The quality of the neighborhood in which a child grows up has a significant impact on the number of problem behaviors he or she display during elementary and teenage years, a study led by researchers at the Johns Hopkins Bloomberg School of Public Health suggests.
The findings, published online in the November issue of Social Science and Medicine, indicate that neighborhood quality has significant and long-term effects on child and adolescent problem behaviors, findings that can help inform national, state, and local housing policy and community investment decisions.
Past studies have shown that externalizing behaviors—or problem behaviors that are directed toward the external environment, such as fighting, stealing, destroying property, or refusing to follow rules—affect 6 to 7 percent of children in industrialized western societies, a rate that increases with age. Many children with these problems continue to be disruptive and exhibit problems into adolescence.

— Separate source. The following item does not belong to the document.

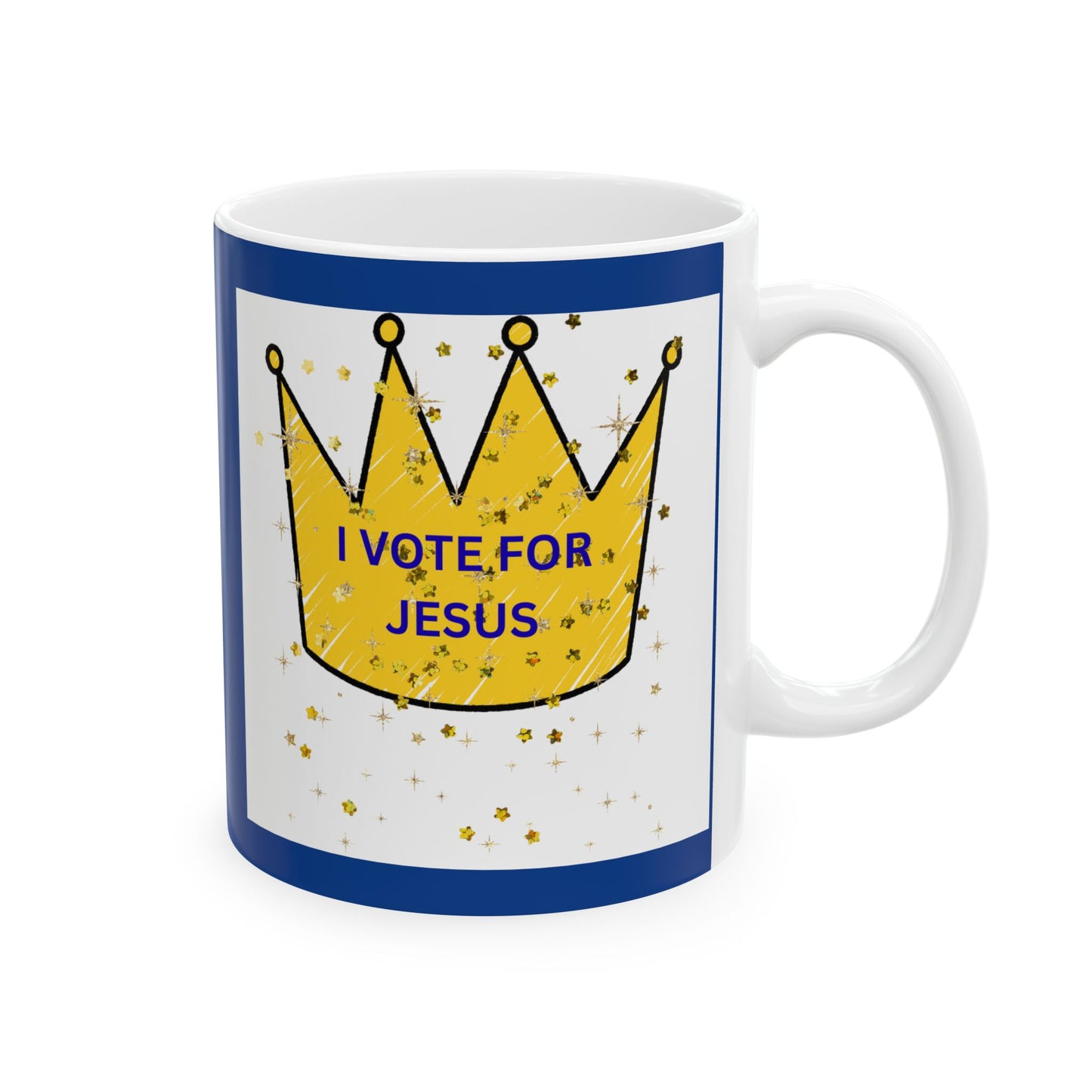 Crown Mug, Ceramic Mug, Coffee Cup, Birthday Gift, Royalty Theme, Celebration Vibes, Humor - The Businezz Angel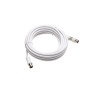 Cordon coaxial 95mm5m femelle-mâle+adaptateur mâle-mâle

For the study, conducted between 1997 and 2007 on 3,563 children, parents rated their neighborhoods on as either "excellent," "very good," "good," "fair," or "poor" for raising children on a 0-20 scale, with 0 being poor and 20 being excellent. Over the decade of follow-up for the study, parents completed questionnaires about their child's behavior, with possible values ranging from 0-20. The researchers found that children between ages 7 and 12 had significantly more serious behavior problems if they lived in neighborhoods that their parent rated as "poor" for raising children, compared to those living in the "excellent" neighborhoods. The average problem behavior score was 4, and externalizing problem behavior scores were 1.7 points lower for those in "excellent" neighborhoods.
The lower levels of behavior problems among adolescents in better neighborhoods was primarily explained by lower levels of parental distress and family conflict. Parents' ratings of neighborhood quality were not associated with externalizing behaviors among children 6 and younger.
These behaviors predict more serious adverse outcomes later in life, such as substance abuse, delinquency, and violence, explains study leader Anne Riley, a professor in the Department of Population, Family, and Reproductive Health at the Bloomberg School. Previous studies have linked poor neighborhood quality to a higher risk of these behaviors, she adds.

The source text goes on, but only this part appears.